The Wisconsin History and Visual Arts Tour (WHVA) is an activity-based school group program designed to enhance fourth-grade students’ education, creativity, and cultural literacy. This unique museum experience incorporates gallery tours, art making, a live performance, and multiple activities for creating, imagining, and connecting with art and Wisconsin history.
On this tour, students do not move passively through the museum staring at works of art while someone talks at them. Research has established that people learn more, and enjoy learning, when the learning process is interactive. Hands-on activities of various types help all of us to engage with the artworks and they offer multiple entry points for students with different learning styles, students with English as a second language, and students with learning disabilities. The added activities give all students ways to investigate a work of art and are intended to spark creative responses.
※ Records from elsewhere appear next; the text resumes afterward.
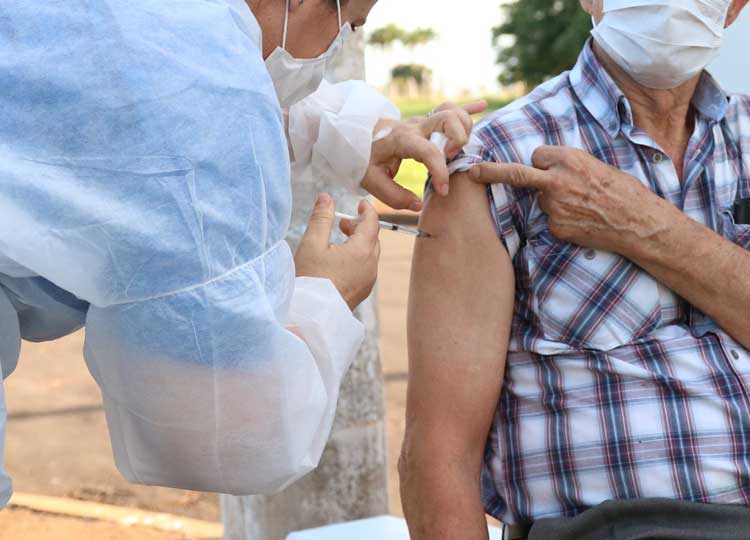 Dos casos de COVID da última semana em Assis, ninguém tinha esquema vacinal completo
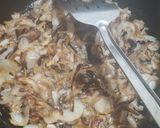 A picture of step 4 of Anda gravy.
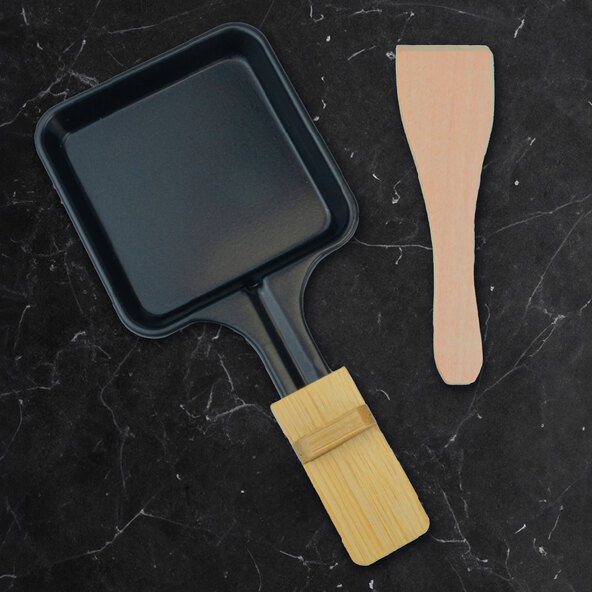 Bamboo raclette grill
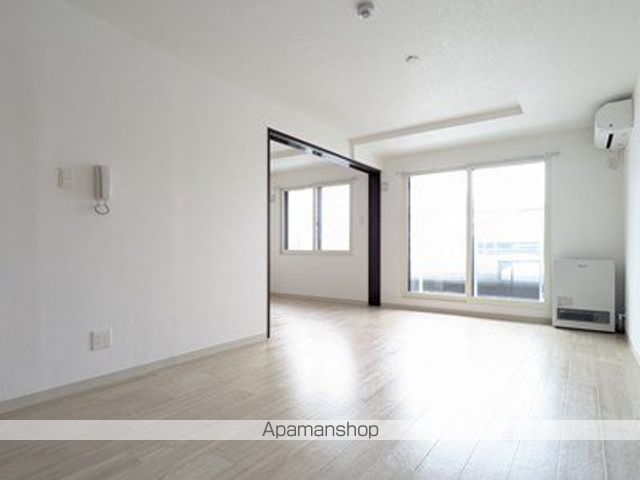 ラディア山鼻の内装写真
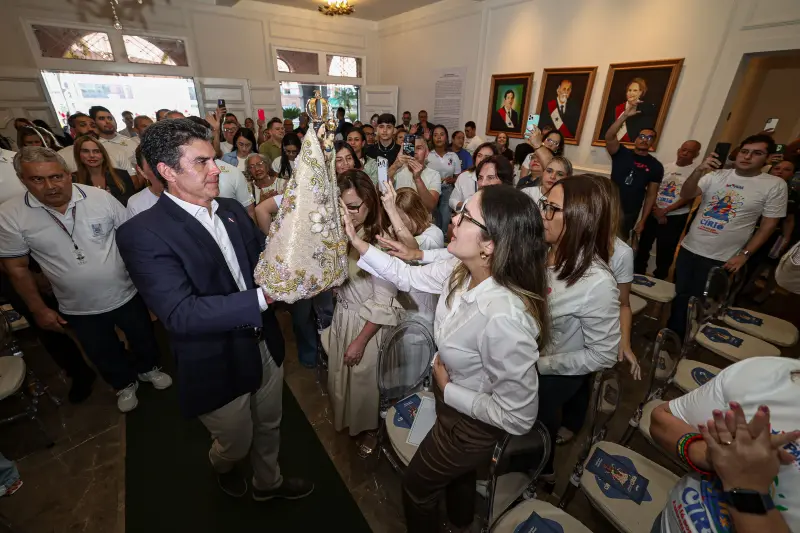 notícia: Imagem Peregrina de Nossa Senhora de Nazaré visita sede do governo e recebe honras de chefe de Estado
Launched in 2012, the program welcomes thousands of fourth-grade students and teachers from throughout the state to the Museum of Wisconsin Art.
Wisconsin History and Visual Arts Tour includes:
- Live Performance: Students attend a dramatic performance about artist Mary Nohl, set against a backdrop of her Lake Michigan home. Actors portray Mary Nohl and her biographer, Barbara Manger. Students learn about Nohl’s life, why her home became known as the “witch house,” how she became an artist, and her legacy as a philanthropist.
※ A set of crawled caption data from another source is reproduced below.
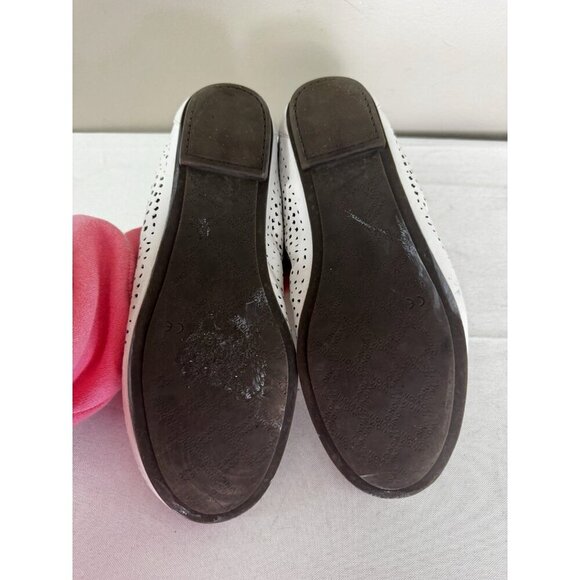 Vionic Womens 8W White Perforated Robyn Ballet Flat Boho Cottagecore Boho Chic - Picture 7 of 16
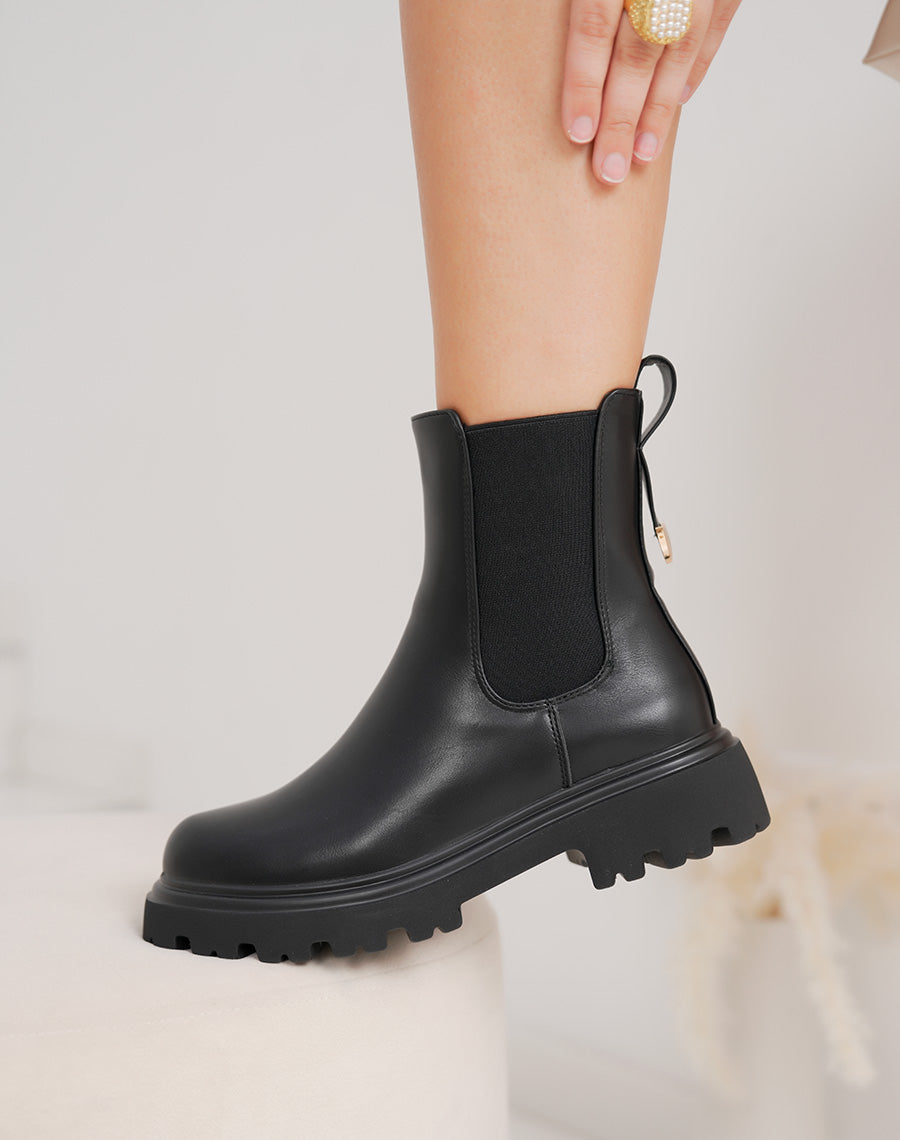 Bottine femme noire style chelsea élégante avec semelle crantée et bijou doré
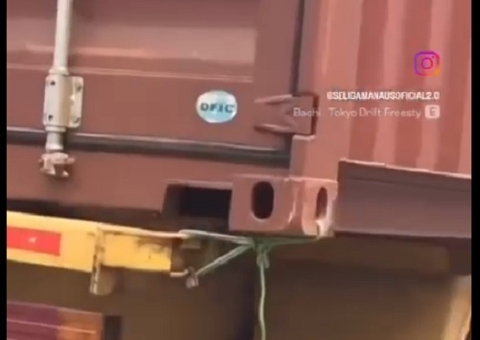 Carreta trafega com contêiner amarrado com corda no Colônia Oliveira Machado; vídeo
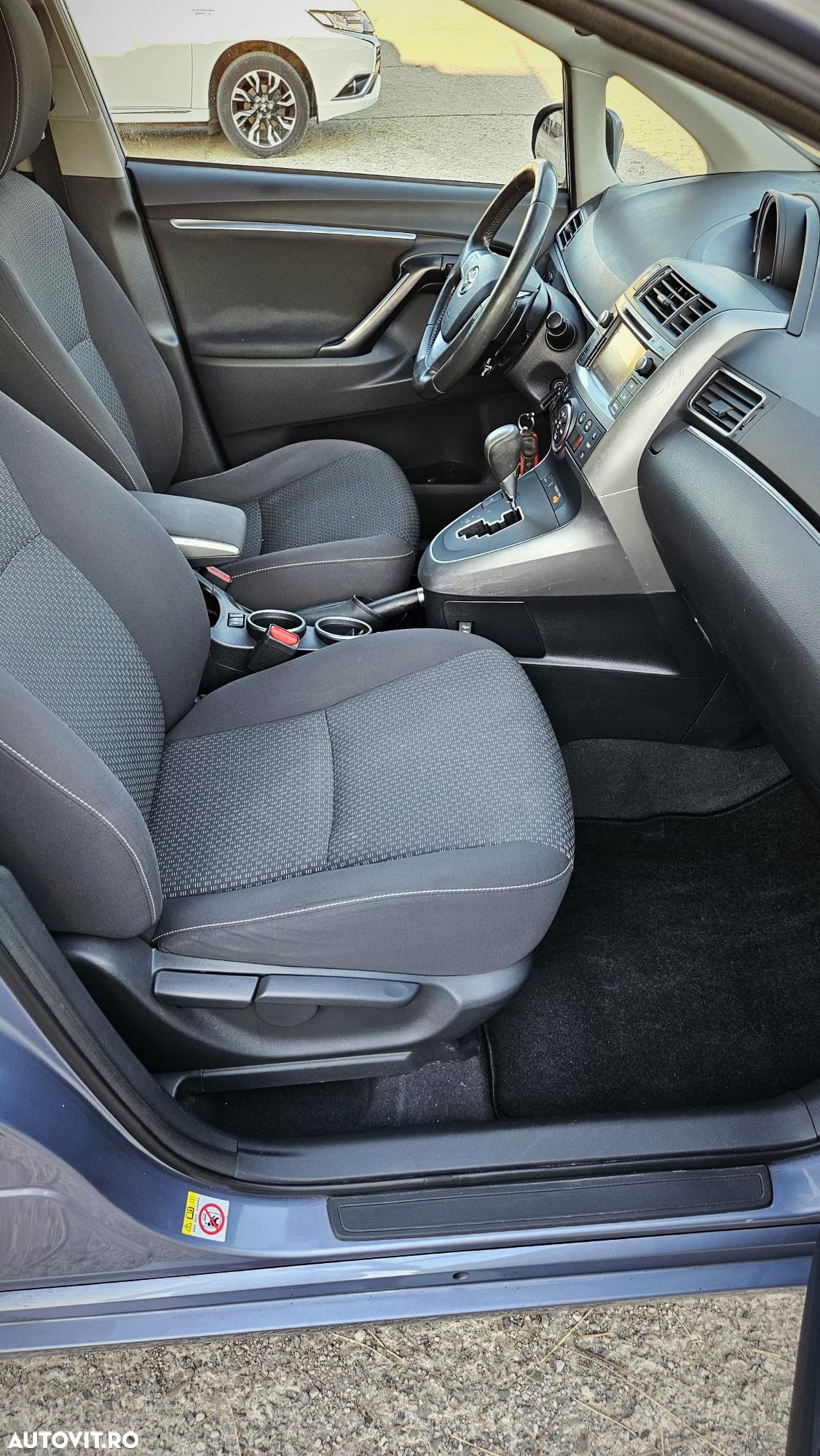 Toyota Verso 2.2 D-4D Automatik 7-Sitzer Comfort - 10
- Interactive Gallery Tour: Each student receives an interactive guide and travels through the galleries with a teacher or chaperone. Students view the art and learn about Wisconsin history through observation and inquiry, writing and discussion, games and play-based activities, and group collaboration. For example, they use Froebel blocks positioned near Frank Lloyd Wright chairs to build a structure evocative of the Prairie School of architecture and design; they listen to a story about the enormous, drama-filled Flagellants painting; and they “meet” working Wisconsin artists through video interviews.
- Art Making: Inspired by the artwork of Mary Nohl, students convene in the studios for a hands-on, art making session. Each student creates his/her own 3D Mary Nohl–inspired sculpture to take home.
MOWA’s permanent collection is a unique resource for students to learn about Wisconsin history. The museum setting facilitates hands-on, engaging experiences that accommodate different learning styles. And, in turn, students make connections between history and the present day that fascinate and delight.